Displacing the Displaced: Two-Mile Hill and Port Moresby’s Housing Crisis
Translated from English, summarized and contextualized by DistantNews.
TLDR
- Over 1,200 residents were displaced from the Two-Mile Hill settlement in Port Moresby, Papua New Guinea, due to state-sponsored eviction.
- These evictions exacerbate Port Moresby's housing crisis, pushing residents into other overcrowded settlements and highlighting issues of housing insecurity, violence, and failing urban policy.
- The article critiques the narrative blaming settlements for urban problems, noting the lack of data and the high unemployment contributing to the growth of informal settlements as communities recreate village structures.
The recent eviction from Two-Mile Hill, displacing twelve hundred residents of the Rabiagini settlement, is yet another stark example of Port Moresby's deepening housing crisis. This state-sanctioned removal, part of a pattern of evictions, does not solve the problem; it merely shifts it, forcing families into already strained settlements that are themselves slated for future demolition. This cycle underscores the profound housing insecurity plaguing our capital, intertwined with escalating violence and a failure of urban policy.

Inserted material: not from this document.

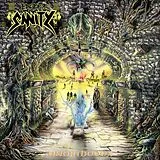 Edge Of Sanity CD Unorthodox (re-issue,2cd Jewelcase In O-card)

Port Moresby is witnessing an unprecedented surge in urban squatter settlements, a direct consequence of rapid rural-urban migration and a critical shortage of formal housing. Over half the city's population now resides in these informal communities, often established on state-owned land as people seek to recreate familiar village structures and reconnect with social networks. These are not simply shanties; they are communities where residents have, out of necessity, established their own services, including often illicit power and water connections. They are a testament to resilience in the face of systemic neglect.
However, these settlements are increasingly demonized, targeted by the National Capital District Governor and amplified by traditional and social media. Settlements are stereotyped as crime havens, and their residents are unfairly branded as criminals. This rhetoric, often lacking solid data, fuels the marginalization of a population struggling with record unemployment. When a few entry-level jobs are advertised, thousands queue for hours, highlighting the desperation for income needed to access formal housing. The threat of violent eviction looms constantly, trapping residents in a precarious existence despite decades of community building within these settlements.